As of last Friday, I have a beautiful 15″ aluminium Powerbook in my hands and I love it so far. Put it to sleep? Just close the lid. Wireless? I go to a coffee shop with free wireless connection and Powerbook discovers it and connects automatically. Development? I have full power of BSD, X11, gcc, vim, and all the rest at my fingertips. Mutimedia? Don’t even get me started. Now I just need a list of cool apps/tips/tricks to make the laptop even better.

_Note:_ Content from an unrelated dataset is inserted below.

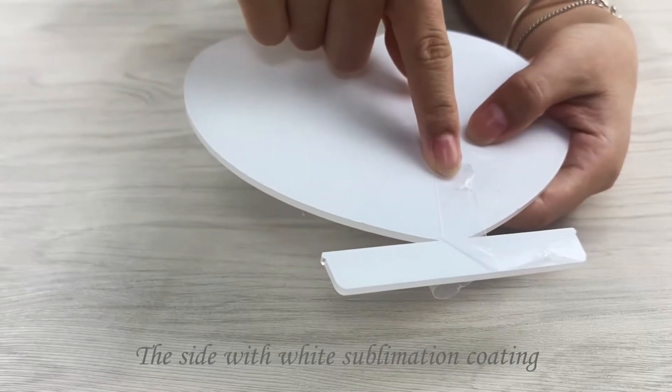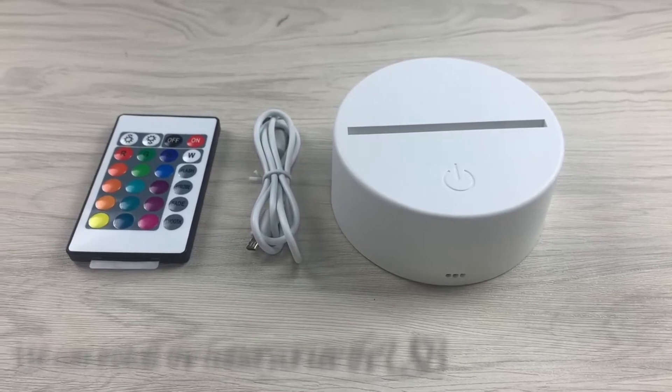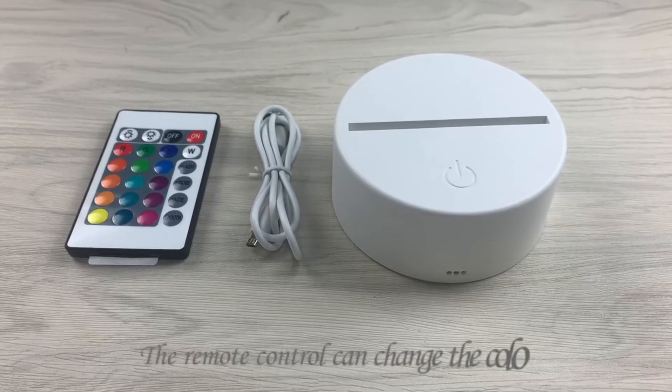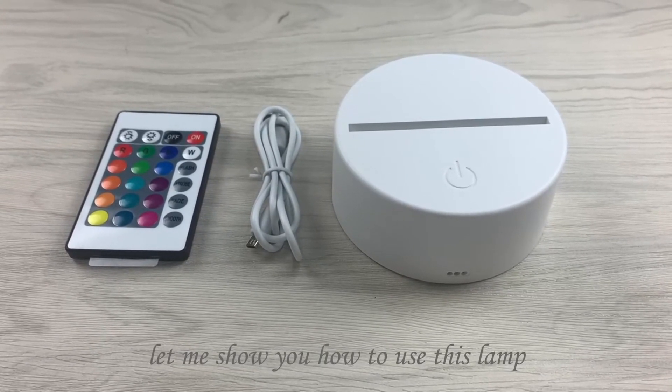The side with white sublimation coating — we can see my picture here. We can use the battery pack or use the USB cable to make it work. The remote control can change the color. Let me show you how to use the e-stamp.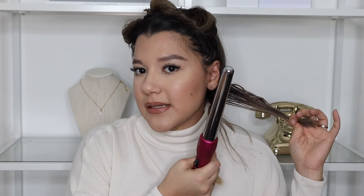Now we can go in with the wand to start curling the hair. This is what I use — I got it from TJ Maxx. I'm going to separate the hair into two sections and put this part up with a bobby pin, then start working with the lower section.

I have switched and I am not going back.
In yet another illustration for Jeremy’s PageRank Is Dead article, consider this: a search on Google for sailing lessons brings up a page of results with #2 spot being occupied by my previous post about sailing! This is completely nuts. As much as it strokes my ego to know that I’m now an instant authority on this topic and that my page will be getting even more referrals from Google , I cannot say that this is a good situation. The famed Google quality seems to be rapidly deteriorating, and in all honesty I think Yahoo! results are getting much better, as evidenced by the fact that the same search does not put me at the top of the pack. Conclusions? Draw your own, please.
SearchEngineWatch Awards recognizes outstanding achievements in web searching. This year my former labor of love, AlltheWeb.com, has won again: second place in Outstanding Search Service category and second place in Best Design, right behind Google. In addition, our URL Investigator tied with Google Definitions for the first place as Best Search Feature, and Google’s and AlltheWeb’s calculators tied for the second place. But really, we did it first and who uses the Google “still-in-the-lab” Definitions anyway?
Kudos to backend folks in Trondheim and to the rest of the frontend team, Erik and Ryan.
Simon Willison writes:
Looking back on 2003, one thing really stuck out for me: I didn’t learn a new programming language. The Pragmatic Programmers recommend learning at least one new language every year. . .
One new language every year? I have to question the validity of this advice. Programming language is just a tool, after all – the important thing is the knowledge of algorithms, complexity theory, data structures, protocols, and general computer science problem solving. The differences between mainstream languages may be significant, but the commonalities are overwhelming. The same solution can be implemented in roughly the same way in most of them. Knowing a language just for its own sake reeks a bit of hubris, in my humble opinion. Being comfortable with one language in each category makes more sense: one functional (Lisp, Scheme), one object-oriented (Java, C#), one scripting (Perl, Python, PHP), and a couple of specialty ones (SQL, HTML) provide a solid base and enable you to learn similar languages quicker, if need be.
Simon is probably going to resort to learning Snobol and INTERCAL in a couple of years, but that’s his choice.